* _WHAT TO PRODUCE_: Nothing but the lines from the one containing "Anzeige von Kunigunde Roth von MGO" through the end of the data should be retyped, exactly as they stand, and pictures should not be retyped.
━━━━━ RECORDS TO USE
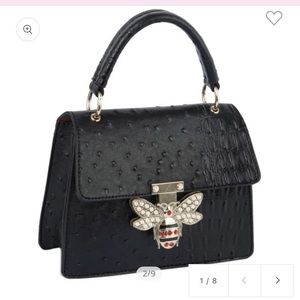 Queen Bee Faux Animal Print Mini Satchel Crossbody NEW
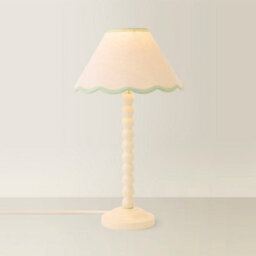 Valuelights Bobbin Green Trim Linen Shade Cream Bobble Table Lamp With Bulb - thumbnail 3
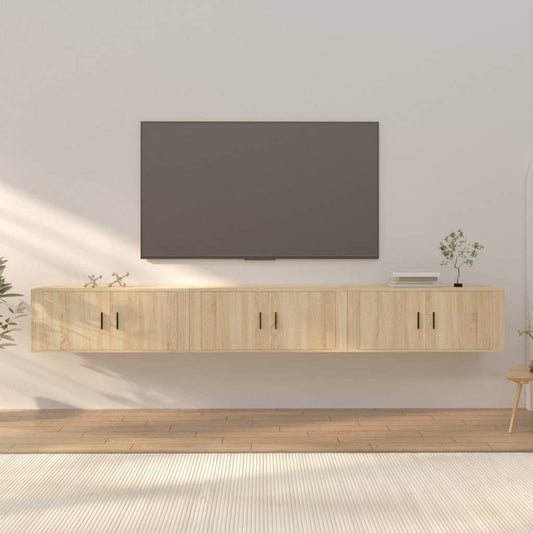 Seinäkiinnitettävät TV-kaapit 3 kpl Sonoma-tammi 100x34,5x40 cm - Sisustajankoti.fi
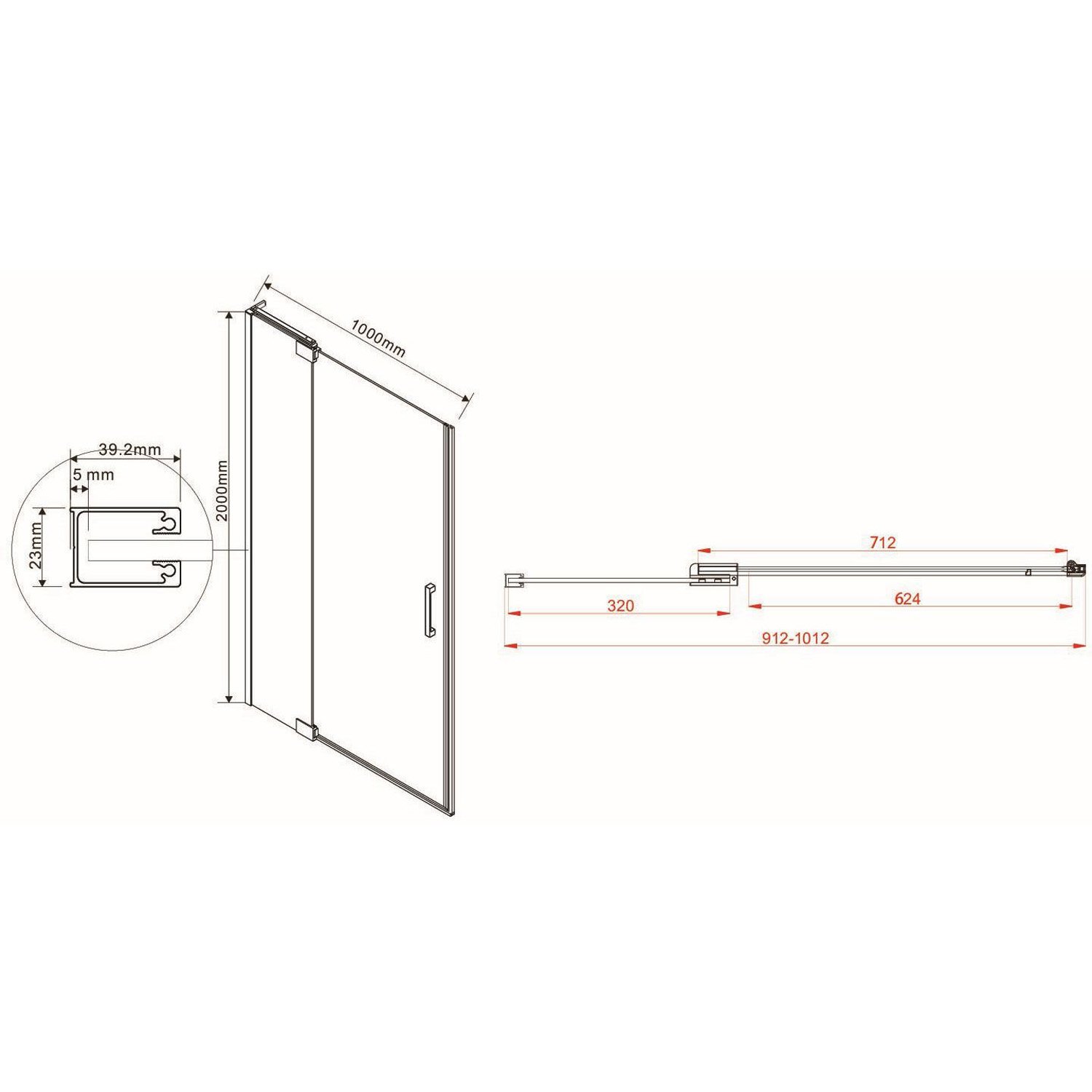 Душевая дверь Vincea (Винчея) Extra VDP-1E9010CGB 900/100х200 черный стекло тонированное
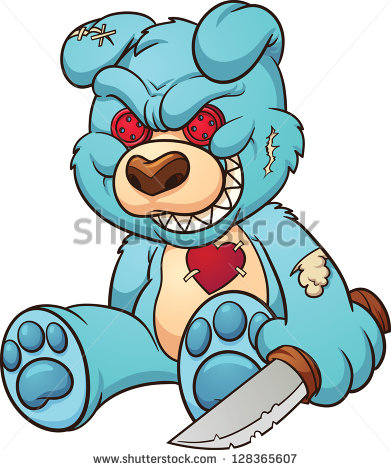 Evil Teddy Bear  Vector Clip Art Illustration With Simple Gradients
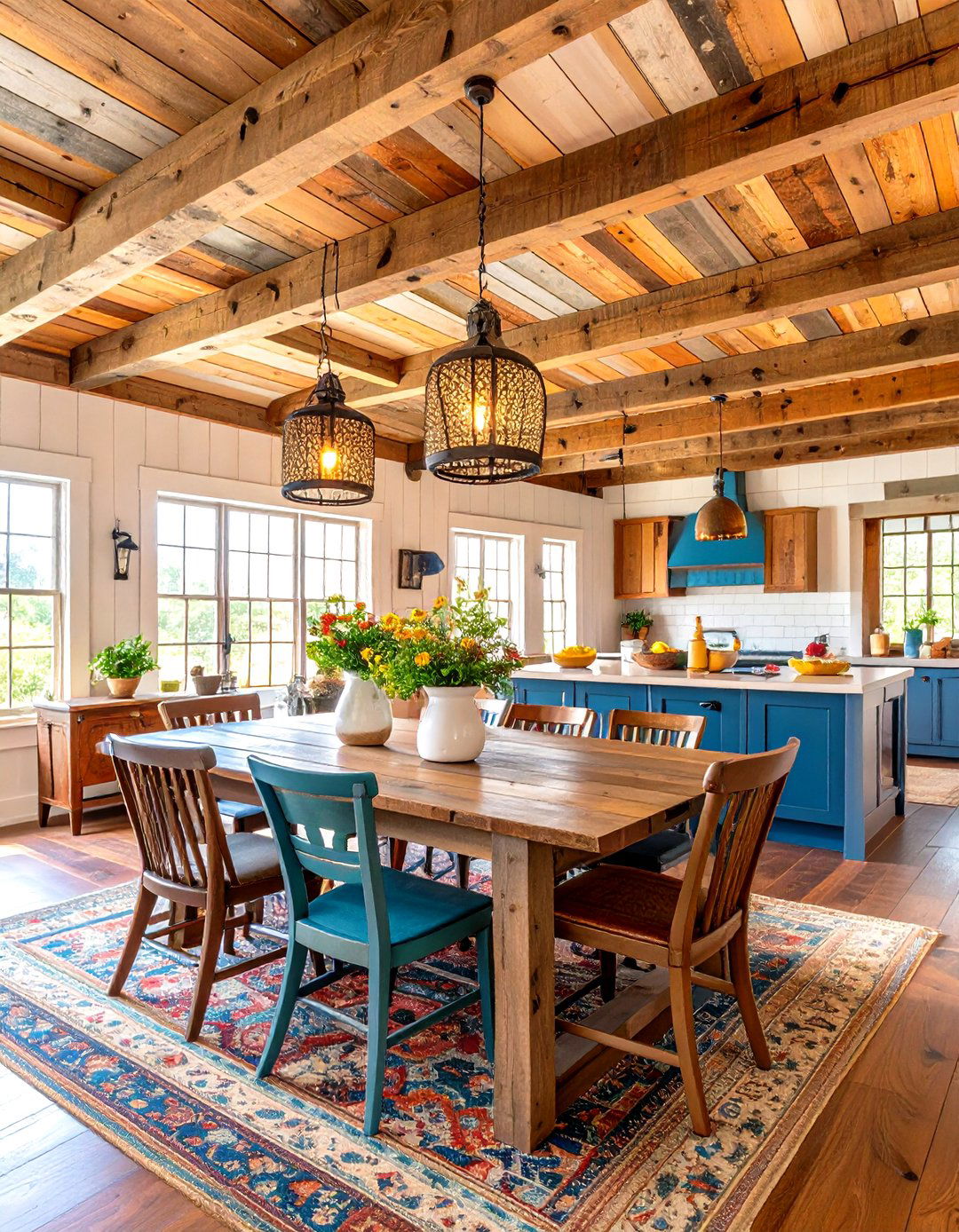 Rustic Barnwood Character Dining Room - 24 Shiplap Ceiling Ideas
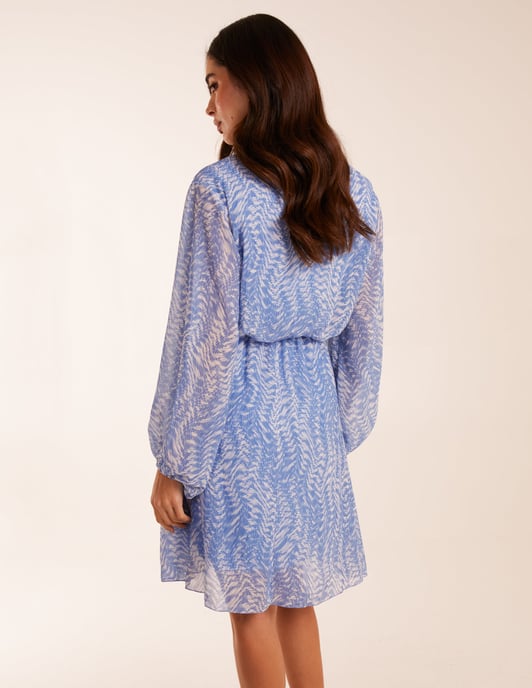 V Neck Chiffon Mini Dress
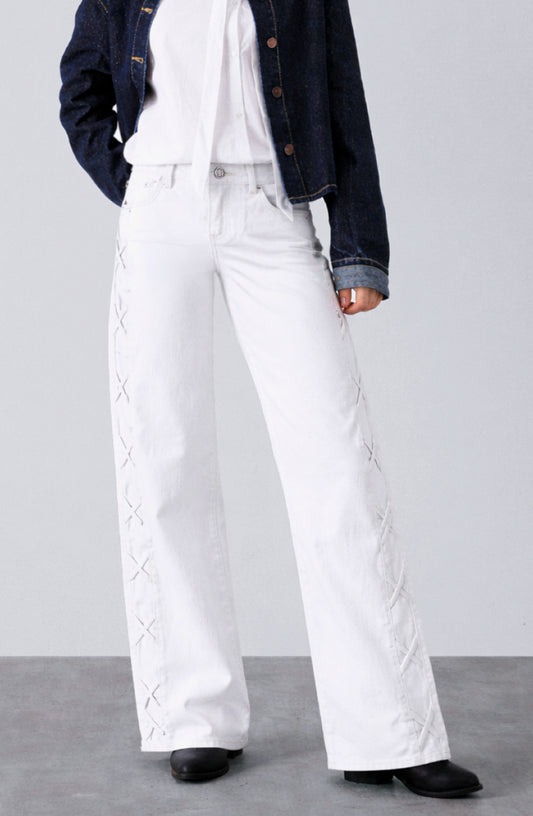 White Side Stripe Pants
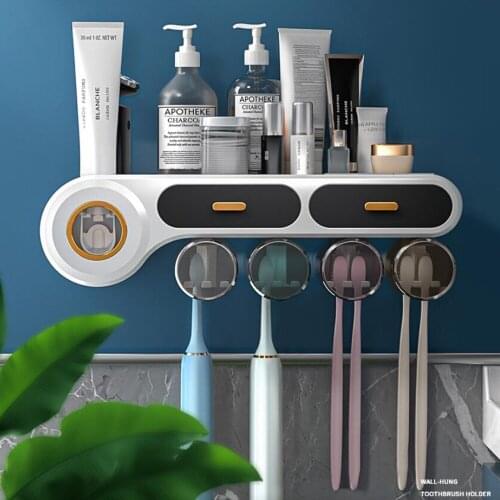 Multifunction Toothbrush Holder For Bathroom Household Item Auto-Toothpaste Squeezer Storage Shelves Bathroom Accessories Set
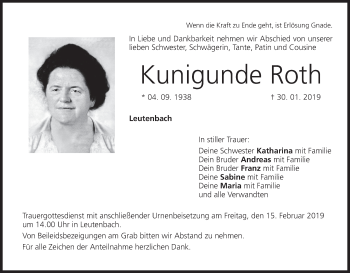 Anzeige von Kunigunde Roth von MGO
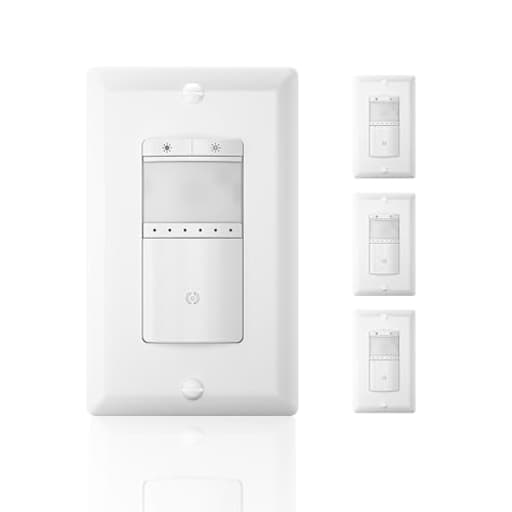 Motion Sensor Dimmer Switch, Digital Dimmer Light Switches with PIR Sensor and Timer, Single Pole, Occupancy & Vacancy Modes, Neutral Wire Required, Wall Plate Included, White, 4Pack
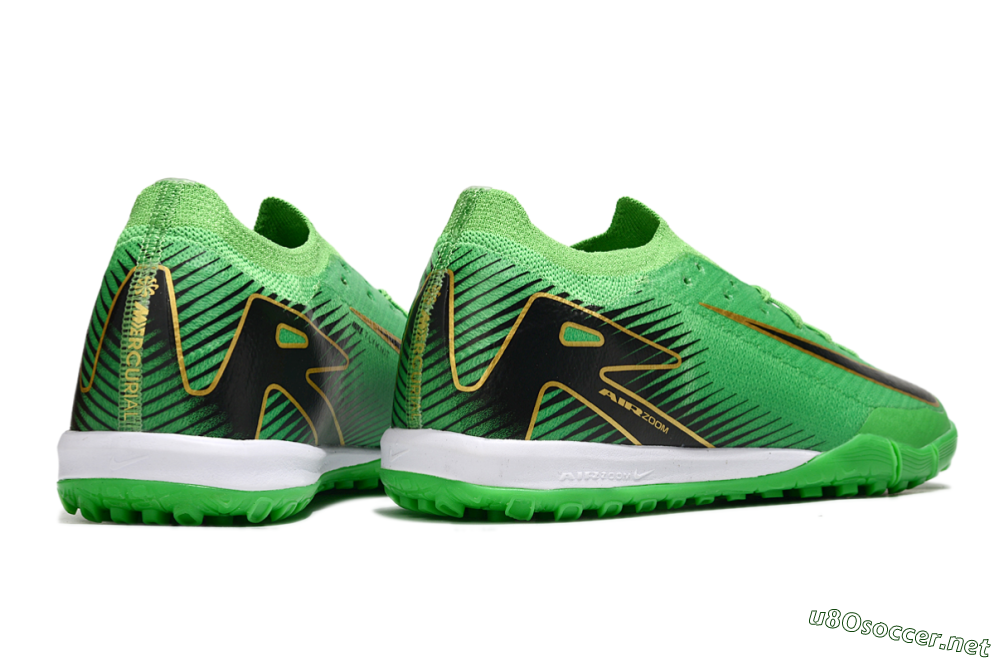 Men's Nike Air Zoom Mercurial Vapor 16 Elite TF Football Shoes - Green/Gold/Black 6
━━━━━━━━━━
* _SOLUTION TO THE PROBLEM_:
 Anzeige von Kunigunde Roth von MGO
 Motion Sensor Dimmer Switch, Digital Dimmer Light Switches with PIR Sensor and Timer, Single Pole, Occupancy & Vacancy Modes, Neutral Wire Required, Wall Plate Included, White, 4Pack
 Men's Nike Air Zoom Mercurial Vapor 16 Elite TF Football Shoes - Green/Gold/Black 6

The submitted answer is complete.